I stayed up there and made sure that I kept my hooves under me, 'cause this was a lot taller than the roof over Aric's porch, and I didn't want to fall off. And I took a drink from my camelback and then when the last car of the train had gone by under me I took off again and flew back towards Kalamazoo.

I'd made it past Galesburg and then there was a park on the south side of the road and a car parked right near the entrance which wasn't where cars were supposed to park, but I knew that people liked to put their cars where they weren't supposed to, so it didn't really stick out until I got a bit closer and it looked like Cobalt.

So I flew down and when I got close I could see Meghan was standing outside looking in my direction, and I waved to her and then glided down and landed on the grass next to it. And Peggy got out and said that she had wanted to come out and watch me fly when I wasn't trying to show off, and I guess I did do that on campus a lot. Probably more than I should, but it was fun to play and zip around trees and do rolls.

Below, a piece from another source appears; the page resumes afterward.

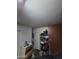 Garage space featuring a storage shelf and overhead lighting at 44328 W Knauss Dr, Maricopa, AZ 85138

And since there was a park where we could do that, Peggy drove Cobalt in to where it was supposed to park and I zipped around the trees and did some rolls, and then I flew out over the lake a little bit and I spotted a tasty-looking fish right close to shore, and I was kinda hungry 'cause I hadn't eaten much for dinner, and I almost dove in to get him but then I remembered that I had my airplane radio on one foreleg and my flight watch on the other and I couldn't remember how waterproof it was although it had survived plenty of rainstorms so it would probably be okay.

I waited until he was right close to the shore and dove down and he must have seen my shadow 'cause he got away before I could grab him, and when I flew back up and looked I didn't see him anywhere anymore, so he'd found some kind of hiding spot, which was too bad for me but good for him.

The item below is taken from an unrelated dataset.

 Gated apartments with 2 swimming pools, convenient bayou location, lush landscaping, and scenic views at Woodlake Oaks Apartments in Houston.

So I landed and Meghan asked what I'd been doing and I said that I was fishing but I was really out of practice and I'd missed and the fish had gotten away, and I didn't think he'd be back. And she said that if I was hungry we could just go to Taco Bell, and I said that I knew but it was more satisfying to catch dinner yourself sometimes.

And then we decided that we'd meet at the Taco Bell on Sprinkle Road and have a snack, although neither of them were too hungry, and then I'd fly back home after that. So they let me have a head start, 'cause Peggy's GPS said that it was six miles.

Well, I beat them there, because I didn't follow the road. I knew about where it was, so I knew the best heading to get there, and I was pretty close; I only had to change course a little bit when I actually spotted the big sign in front of the building.

There were lots of cars in the parking lot, so I was really careful when I landed, 'cause cars didn't always pay attention, and then I waited outside 'cause I thought it would be rude to get my food before they got there. If I’d known what they wanted, I could have ordered it for them and it would have been ready when they arrived.

And so the three of us went in and got our food and sat down at a booth to eat it. I had two bean burritos with sour cream; Peggy and Meghan shared a quesadilla, 'cause they weren't too hungry. Then I went back outside and took off again and I thought about following Cobalt but unless she drove slow I wouldn’t be able to keep up unless she got stopped at all the traffic signals. So I didn't stay over the road, but instead went back to the railroad tracks and followed them through town and all the way to the base of campus and then flew up the hill and landed back on the boardwalk.

I went back upstairs to my room and put away all my flight gear and I read some poetry and then wrote in my journal. I could have taken a shower to rinse off, but I didn't feel like it, especially 'cause I was going to take one in the morning.

When Peggy changed into her sleeping clothes, I was starting to yawn, so I slid under my covers and she asked if I wanted the light turned off and I said that I didn't think I was going to go to sleep right away, but she turned the light off anyways because she's so nice.